In truth there was little between the two teams in terms of the skill quotient, and the workrate of both was exemplary, though top quality play, particularly in the final third, was lacking by both sides.
The visitors were missing more than half a team through injury, and that gave the likes of recent signing Stephen Hughes and teenager Mitch Megginson the chance to consolidate their positions in the first XI. The latter certainly did his reputation no harm.
For Hibs, the suspensions of Leigh Griffiths, Paul Hanlon and James McPake perhaps accelerated the debut of last week’s signing Jorge Claros, the Honduran proving to be a neat passer and very cool and collected on the ball – one to watch.

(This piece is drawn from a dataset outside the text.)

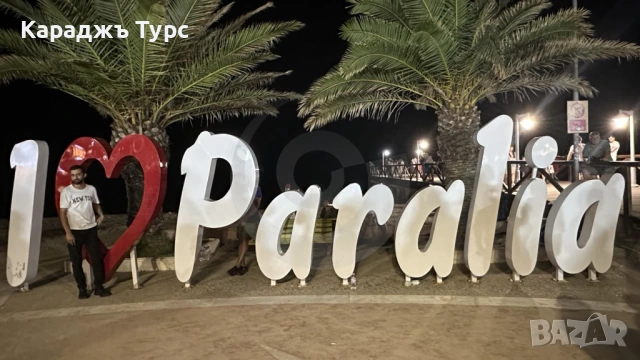 Метеорите - Осмото чудо на света с 2 нощувки от Пловдив, Пазарджик, София и Дупница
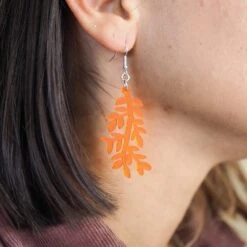 Orange Leaf Earrings -Household Decoration Shop leaf earrings orange acrylic drop earrings my papercut forest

With his arrival, manager Pat Fenlon has put as much as he possibly can of his own stamp on the team and hard-working ball players are clearly what he likes. The Hibs squad have shown from the start of his managership that they know that only supreme effort will get them away from the relegation mire, and they showed it again yesterday. The men in green chased everything and gave their all for 93 minutes, and if sheer slog can guarantee you survival in the SPL then more of the same will keep Hibs up.
Aberdeen were equally Stakhanovite, and should have been ahead after three minutes. Scott Vernon went wide and his low, driven cross was just touched past by Megginson.
Hibs moved upfield and Sean O’Hanlon headed over from George Francomb’s corner before David Wotherspoon brought out the best in Jason Brown with a thumping shot that the goalkeeper slapped away high to his left. Wotherspoon and Fraser Fyvie enjoyed some personal jousts as the play became bogged down in midfield and Hibs were slightly in the ascendancy as the first quarter came and went, Isaiah Osbourne seeing Brown save his effort.
At the other end, Megginson was proving a handful, with one particular cross being missed by Vernon when, as Craig Brown put it, “I could have run from the dug out and put it in.”
Graham Stack did well to save a Megginson shot and the Hibs’ keeper benefited from Josh Magennis heading the ball straight at him.
There were few clear chances in the second half, but a fair amount of controversy.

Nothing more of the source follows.